Bilingual staff have become a valuable asset to healthcare organizations. They’re often pulled from their daily responsibilities to assist nurses, physicians, techs and other support staff in communicating with limited English proficient (LEP) patients. As language barriers persist, “helping” is the word commonly used to describe the role these bilingual employees have assumed as they attempt to facilitate the communication between patients and providers who do not share a common language.
These requests sometimes are extended to bilingual family members and even strangers nearby who want to “help.” The issue is regardless how much they would like to help, most have little or no training in medical interpreting or the importance of accurate communication in the prevention of adverse health outcomes.
There is very little understanding of the potential harm when there are misunderstandings of symptoms, the care plan, follow up and discharge instructions that specify correct medication dosage or usage. Going through a consent process usually involves a conversation with technically challenging medical information that non-medical staff are simply not equipped to explain. In order to be qualified, bilingual staff must be trained in medical terminology, a variety of specialties, interpreting modes, standards, ethics and/or be certified.
The accrediting bodies and regulatory agencies that oversee the healthcare industry have been working to raise the requirements for language access programs. Standards and expectations now exist and will be closely monitored by organizations such as the various Departments of Public Health and The Joint Commission (TJC), which this past January launched its New Standards on Patient-Centered Communication. The new standards take full effect next January upon completion of a one-year pilot.

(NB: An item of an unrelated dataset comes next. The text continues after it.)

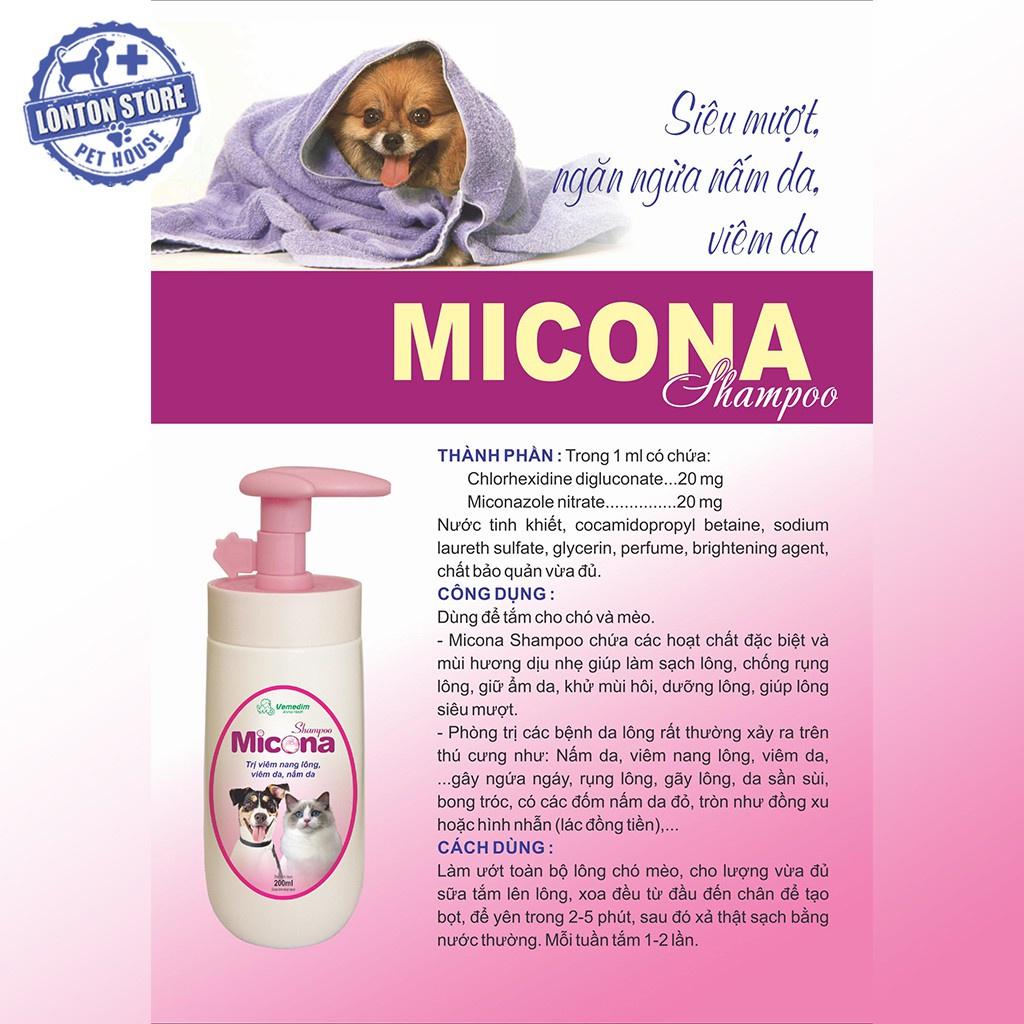 Sữa Tắm Micona - Phòng nấm da, viêm da, viêm nang lông cho chó mèo, 200ml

TJC utilizes the patient tracer method during unannounced surveys. Patient medical charts are picked for review. Healthcare organizations must document on patient charts how the language need was met. Surveyors are able to ask for the personnel file of the interpreter listed on the chart to ensure proper qualifications, such as their education, tests, organizational assessment, continuing education records, up-to-date performance reviews, safety and infection control trainings, HIPAA training, immunization records and any other information deemed necessary of all healthcare workers.

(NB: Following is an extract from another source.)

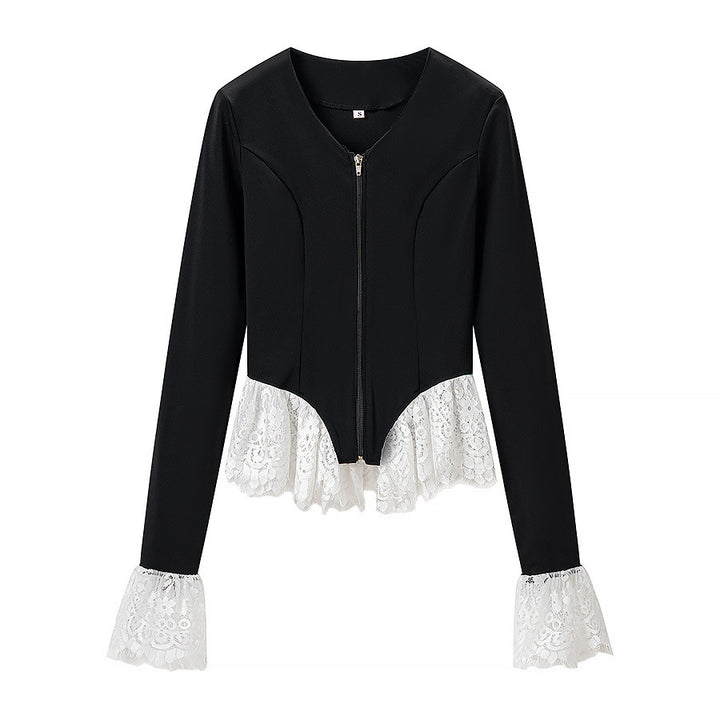 Damen Taillierte Kurzjacke mit Mittelreißverschluss und Spitzenvolants Drune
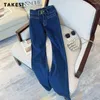 Damesjeans Y2K High Street Skinny Taille Flar La Vared Pants 2024 Lente zomer Vintage Blue Slim Fit Harajuku Denim Trouser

Some organizations recognize the valuable secondary role of bilingual staff and include the interpreting tasks in employee job descriptions, with key parameters and measures to monitor quality and additional compensation in some instances. Those organizations are the exception. The others face a number of often unanswerable questions: Who is covering for the bilingual staff when they go interpret? Who will train, test and then monitor their linguistic skills? What support will these individuals receive? How will they be compensated for these additional responsibilities?
There is no question that bilingual staff can be a great asset. At the same time, if they are to provide interpretations in addition to their main function, healthcare organizations need to understand the steps necessary to protect themselves from possible liability. Given the ongoing need and continued investment required, having an interpreter training program that can keep up with employee turnover is extremely important.
The program should include third-party assessment of bilingual staff, interpreter knowledge and skills training, medical terminology training in both English and target languages, an interpreter skills test and on-going training every year. There is no alternative. The risks are simply too high for healthcare organizations not to pay close attention to what could potentially harm their patients.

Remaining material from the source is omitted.